**Exercise brief:**
Copy task, pictures excluded: set down exactly the lines from the one containing "Shop-Optimierung: Sportauspuff-direkt" to the end of the data below.

**Raw data:**
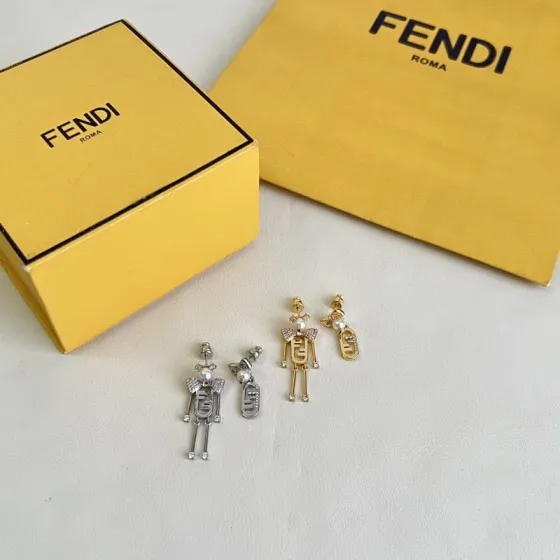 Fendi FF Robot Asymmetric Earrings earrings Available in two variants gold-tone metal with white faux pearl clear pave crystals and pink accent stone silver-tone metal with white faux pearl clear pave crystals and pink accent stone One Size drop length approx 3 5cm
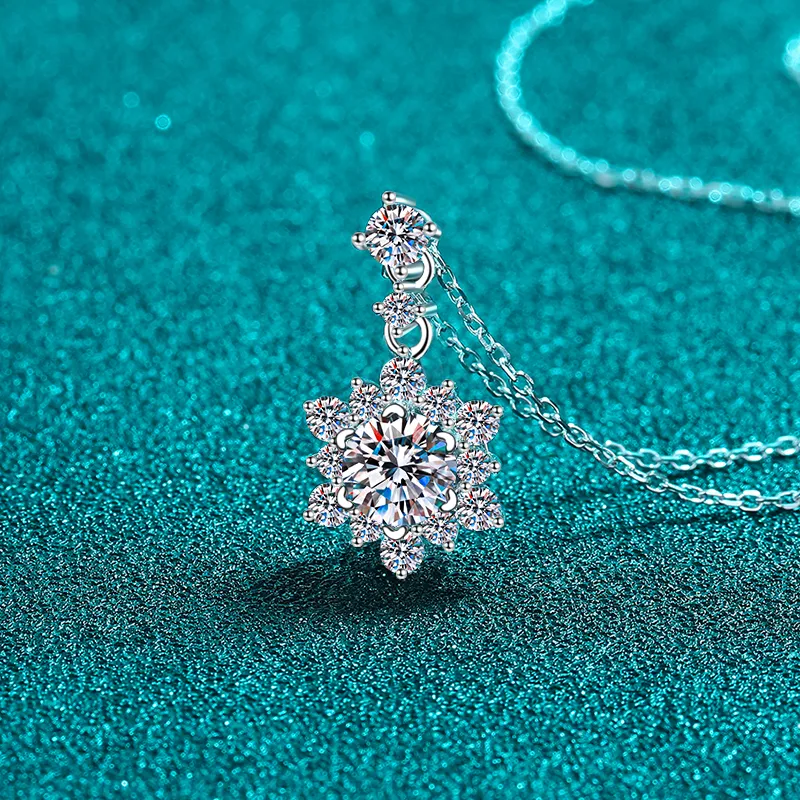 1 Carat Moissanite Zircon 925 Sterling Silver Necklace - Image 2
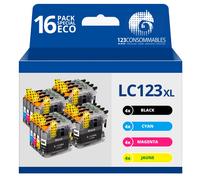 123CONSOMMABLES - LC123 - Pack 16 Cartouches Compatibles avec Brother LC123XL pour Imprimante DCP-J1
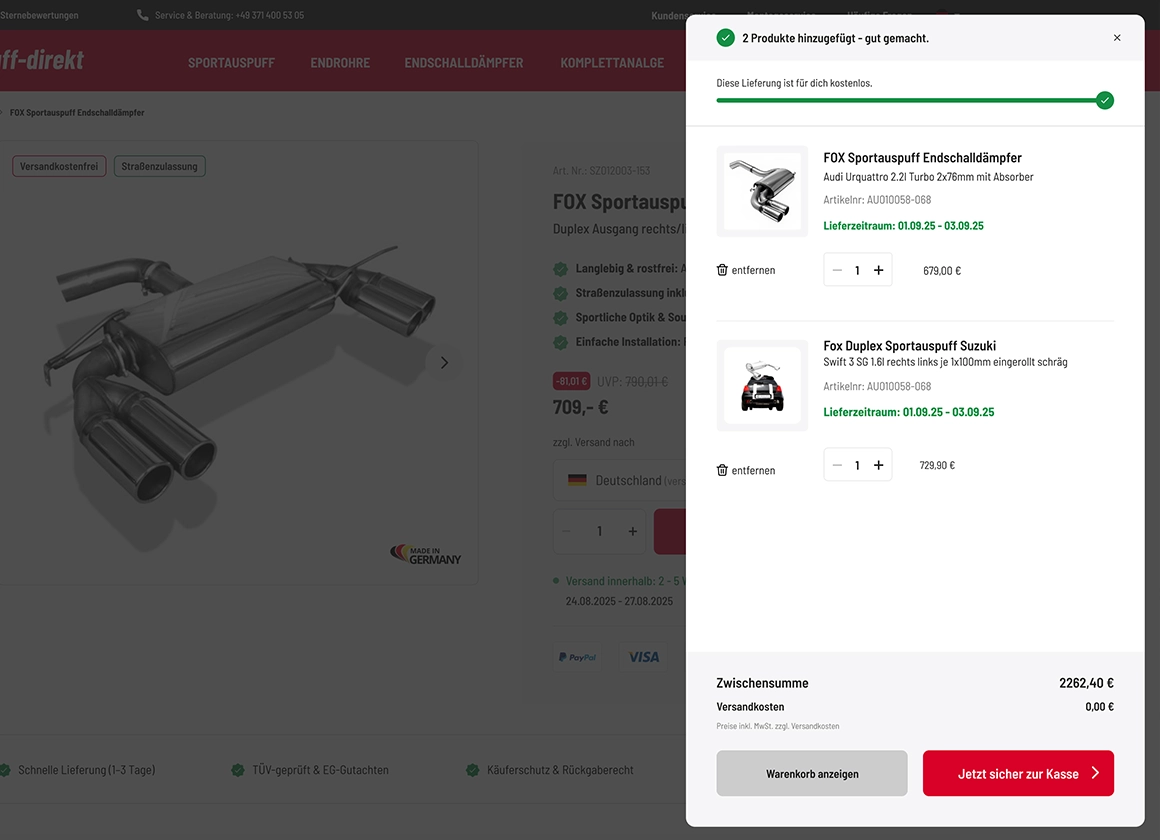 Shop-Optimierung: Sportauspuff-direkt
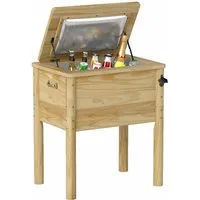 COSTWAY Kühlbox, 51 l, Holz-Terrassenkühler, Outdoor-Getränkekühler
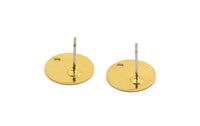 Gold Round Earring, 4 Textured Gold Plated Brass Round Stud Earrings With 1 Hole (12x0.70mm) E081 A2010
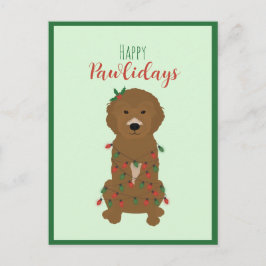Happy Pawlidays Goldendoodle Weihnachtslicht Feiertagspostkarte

**Exercise response:**
 Shop-Optimierung: Sportauspuff-direkt
 COSTWAY Kühlbox, 51 l, Holz-Terrassenkühler, Outdoor-Getränkekühler
 Gold Round Earring, 4 Textured Gold Plated Brass Round Stud Earrings With 1 Hole (12x0.70mm) E081 A2010
Happy Pawlidays Goldendoodle Weihnachtslicht Feiertagspostkarte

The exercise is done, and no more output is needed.